High school students get hands-on experience
building replica of world's fastest ship

BY SANDRA DAVIS
Telegraph-Journal
Friday, April 02/04

   In a matter of weeks, a temporary moulding loft will be set up at Simonds High School where students will lay out rib lines for a scaled-down version of the Marco Polo.
   The young boatbuilders will have the luxury of having plans on paper to follow, thanks to Saint John draftsman Bob Coes.
   Following Mr. Coes' drawings and offset tables, they will draw the ship's lines on plywood, ultimately setting out a pattern for her 40 pair of white pine ribs.
   Next, they will transfer the pattern onto wood and cut the frames, all under the direction of their teacher, Mike Boyle.
   It is one more step in a series of exercises that began five weeks ago when Mr. Coes started studying details of the Marco Polo and her unique characteristics.
   Armed with photos and drawings completed a dozen years ago when the plan was to build a full-scale replica, he knew it would take time to produce a one-third scale, non-sailing version and still maintain the integrity of the ship's lines.
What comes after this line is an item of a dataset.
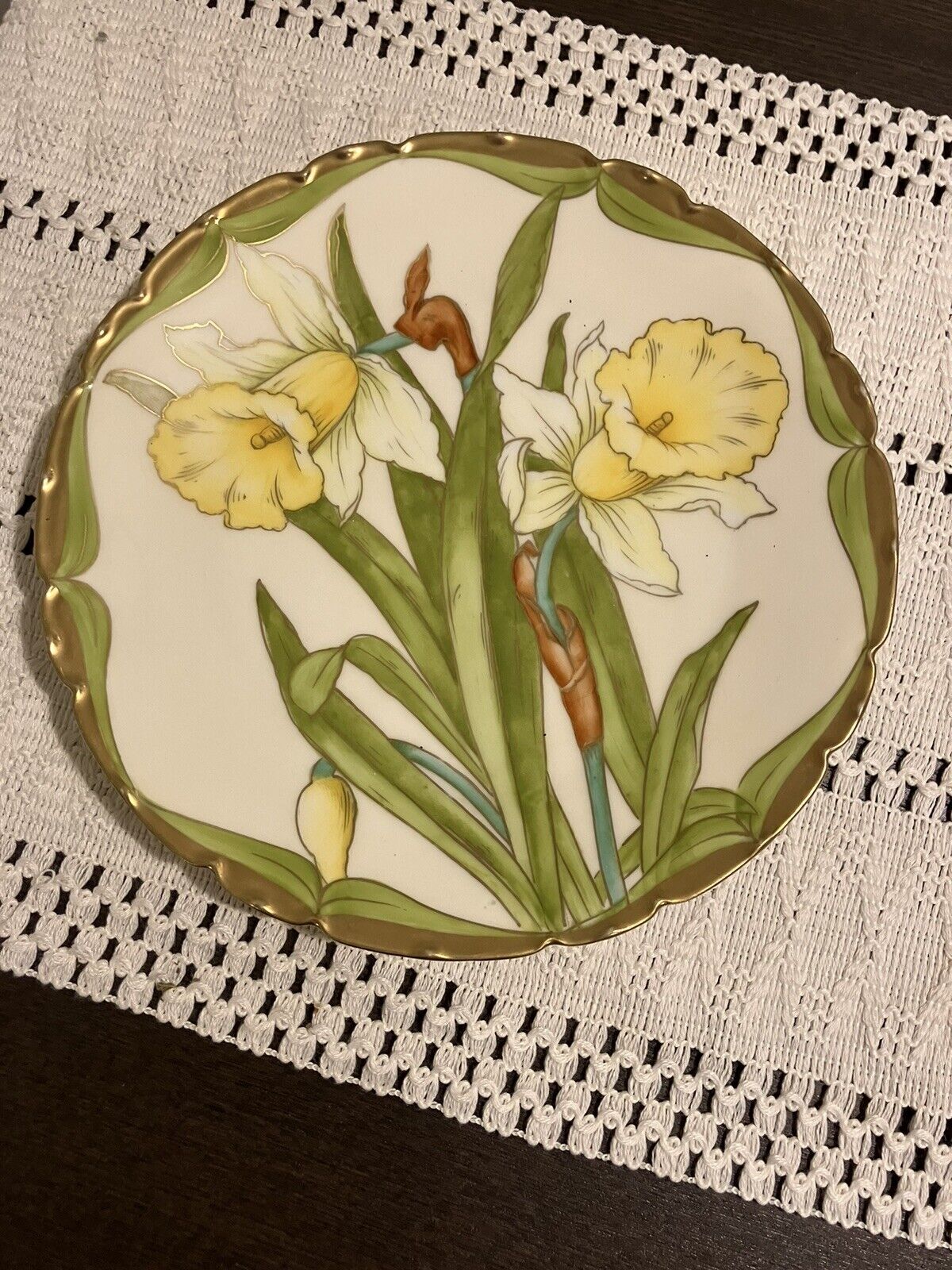 Vintage Bavarian  China Hand Painted Yellow Daffodil  Plate.  8”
   His preliminary sketches have culminated in a first set of blueprints that provide details of the hull and the vessel shape.
   The blueprints represent one of the most important steps in seeing teacher Barry Ogden's dream become a reality. The work of Mr. Coes, a retired teacher and drafting technician, is worth thousands of dollars but, like many others, he has donated his services.
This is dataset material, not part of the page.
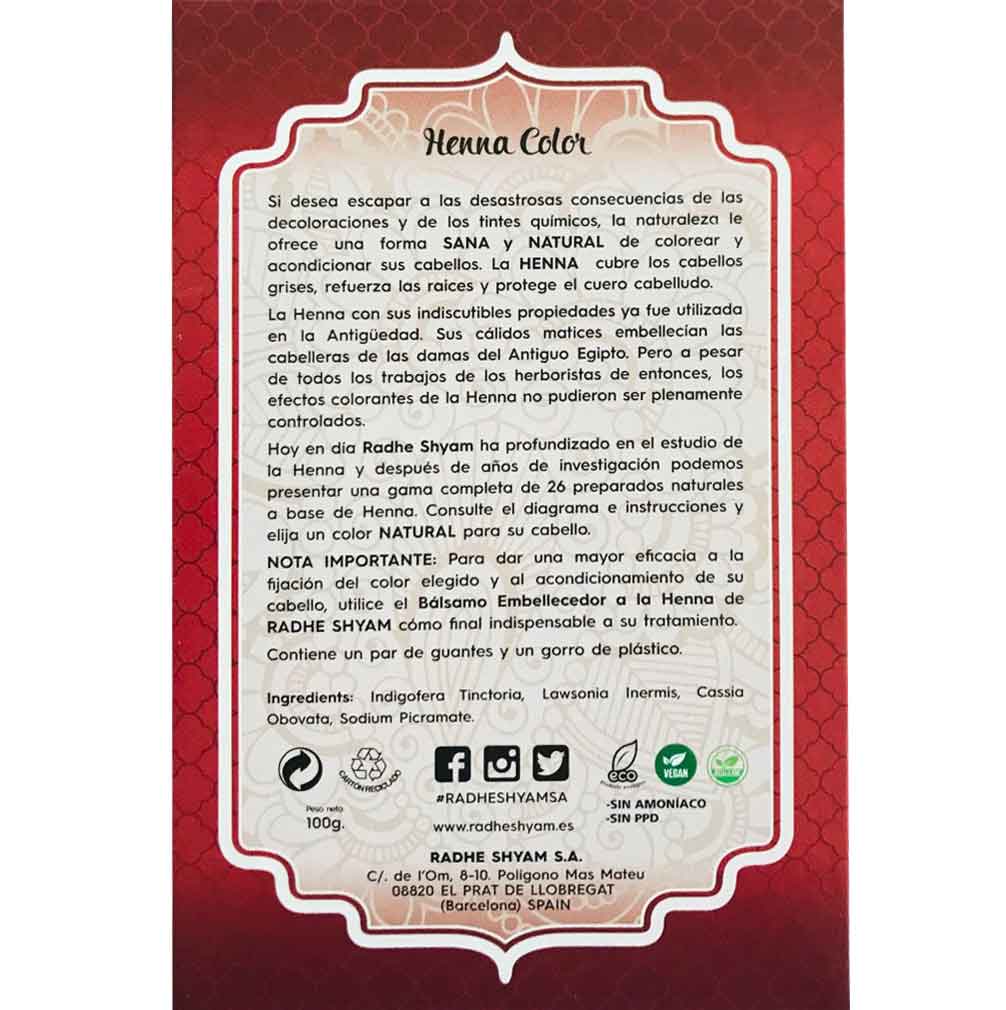 Henna Radhe Castaño Caoba Polvo Radhe Shyam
   "I've been interested in wooden sailboats all my life and have done some sailing, so I thought this was a good opportunity," said Mr. Coes.
   Mr. Ogden envisions it sitting near the lip of Long Wharf or in the water on a floating wharf, near the start of Harbour Passage.
   Unlike the ship's original four decks, there will be a modified lower deck inside, measuring 67 feet, four inches, with a bow spread of over 100 feet.
   "Passengers" will enter through a cargo door on the side of the hull and will be able to walk the main deck, continue down the companionway and explore inside. Two replica cabins will be set up, lit by a skylight in the centre.
   There may even be a stage on board from which the story of the Marco Polo could be told and an opportunity to rent the ship out for social functions.
   White pine is still being harvested for the replica, which Mr. Ogden hopes to begin assembling at Long Wharf by the end of next month.
   But Mr. Coes' work is far from over. He has next to draw a set of blueprints for the ship's 60-foot main mast and finally, a third set of more specific plans for the rigging.
   From start to finish, Mr. Ogden expects this Marco Polo replica will cost about $180,000. It's a fraction of his original $28-million proposal for a full-scale sailing replica that he began pushing for in the early 1990s. The new, modest pricetag includes labour and gifts in kind. The effort to raise the money is going well, said Mr. Ogden.
   The original Marco Polo was launched from the yard of James Smith at Marsh Creek April 17, 1851. She was the largest ship the yard had built.
   On her most famous voyage, the Marco Polo sailed from Liverpool to Australia in just 76 days, making her the fastest ship in the world. Previous voyages had taken 100 to 120 days. She sank in July of 1883, off Cavendish, P.E.I.